▶ [About this exercise]:
Every picture is to be removed, and all the data is to be copied exactly.

▶ [Supplied material]:
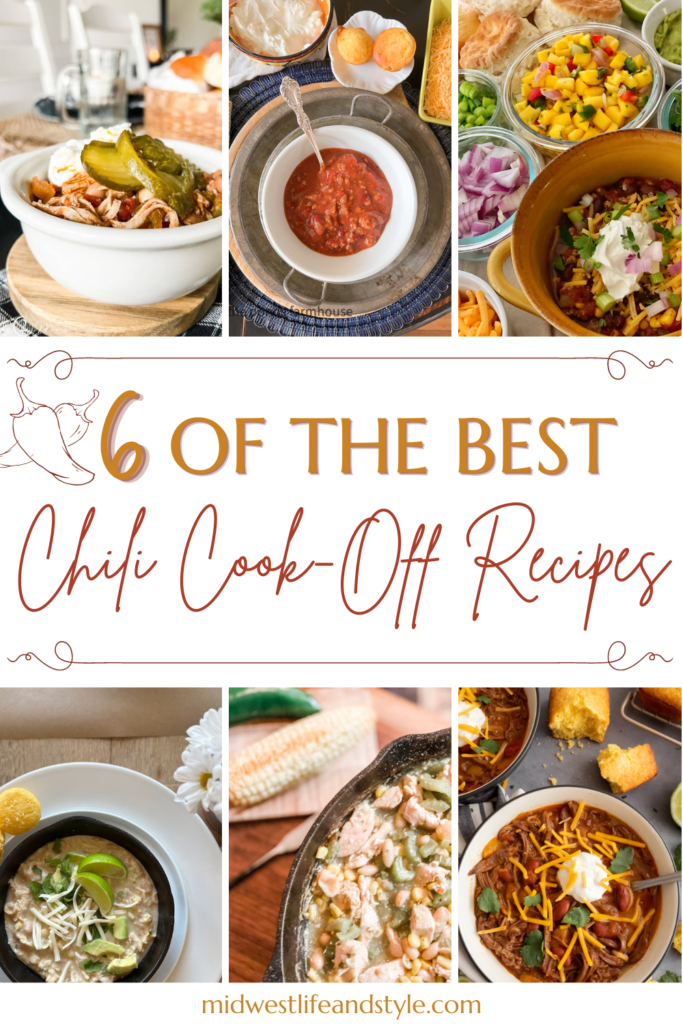 6 Of The Best Recipes For A Chili Cook-Off - Midwest Life and Style Blog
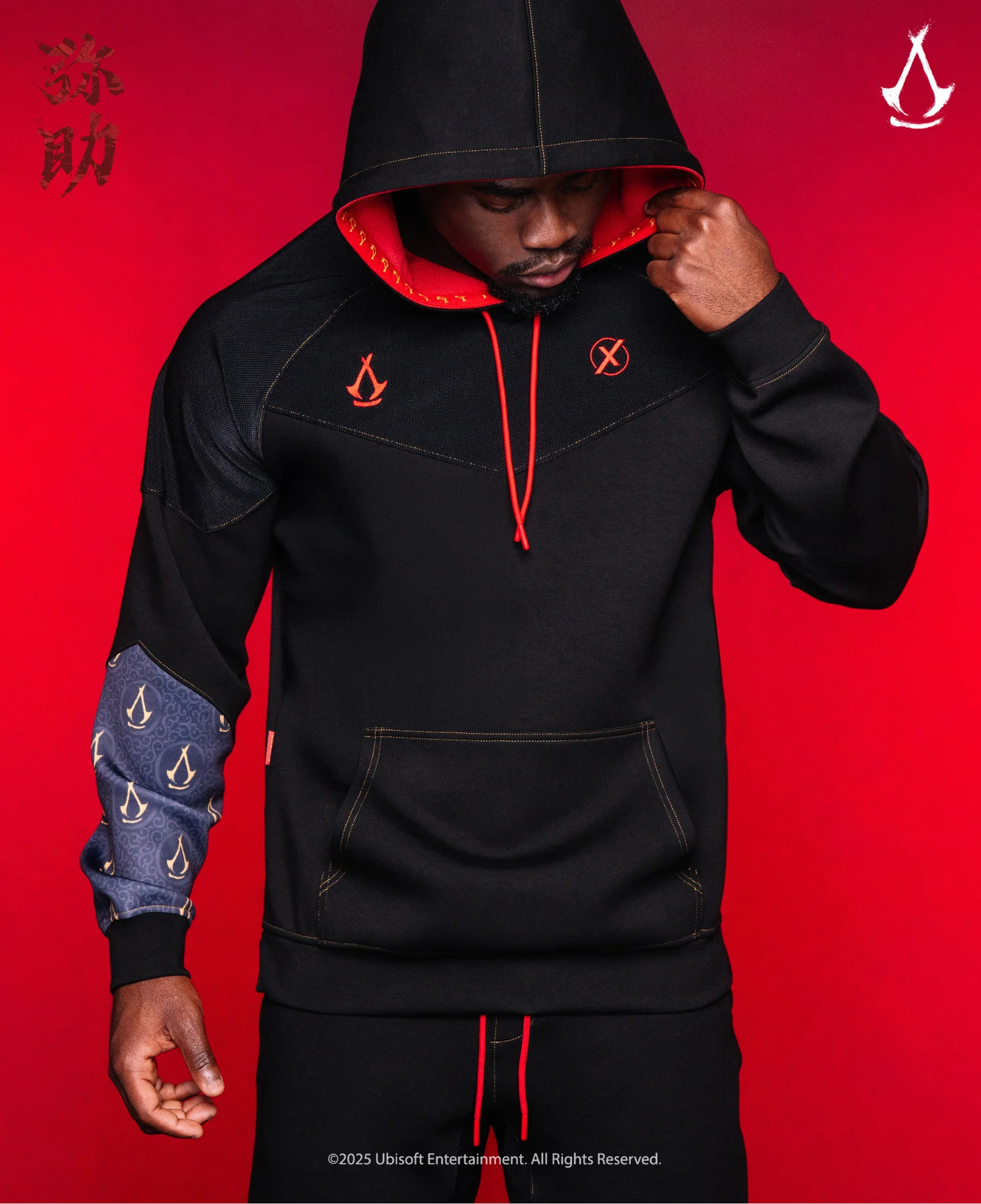 YASUKE Samurai Assassins Creed Shadows Performance LTD Pullover Hoodie 1 of 250 - Image 6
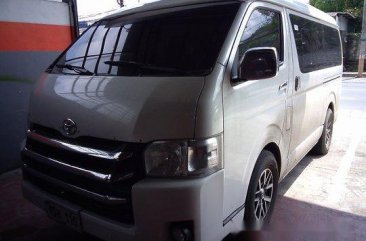 White Toyota Hiace 2014 Automatic Gasoline for sale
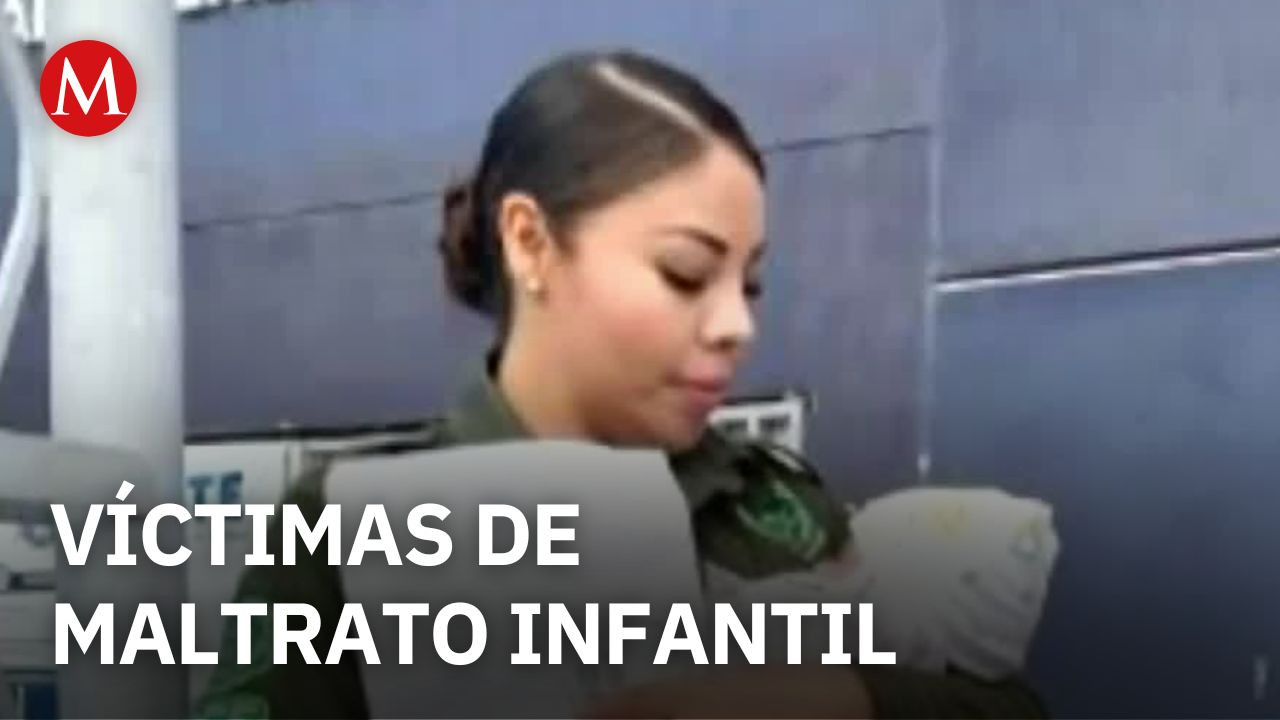 Fueron rescatados dos niños y un bebé víctimas de maltrato infantil en San Luis Potosí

▶ [Exercise solution]:
 6 Of The Best Recipes For A Chili Cook-Off - Midwest Life and Style Blog
 YASUKE Samurai Assassins Creed Shadows Performance LTD Pullover Hoodie 1 of 250 - Image 6
 White Toyota Hiace 2014 Automatic Gasoline for sale
 Fueron rescatados dos niños y un bebé víctimas de maltrato infantil en San Luis Potosí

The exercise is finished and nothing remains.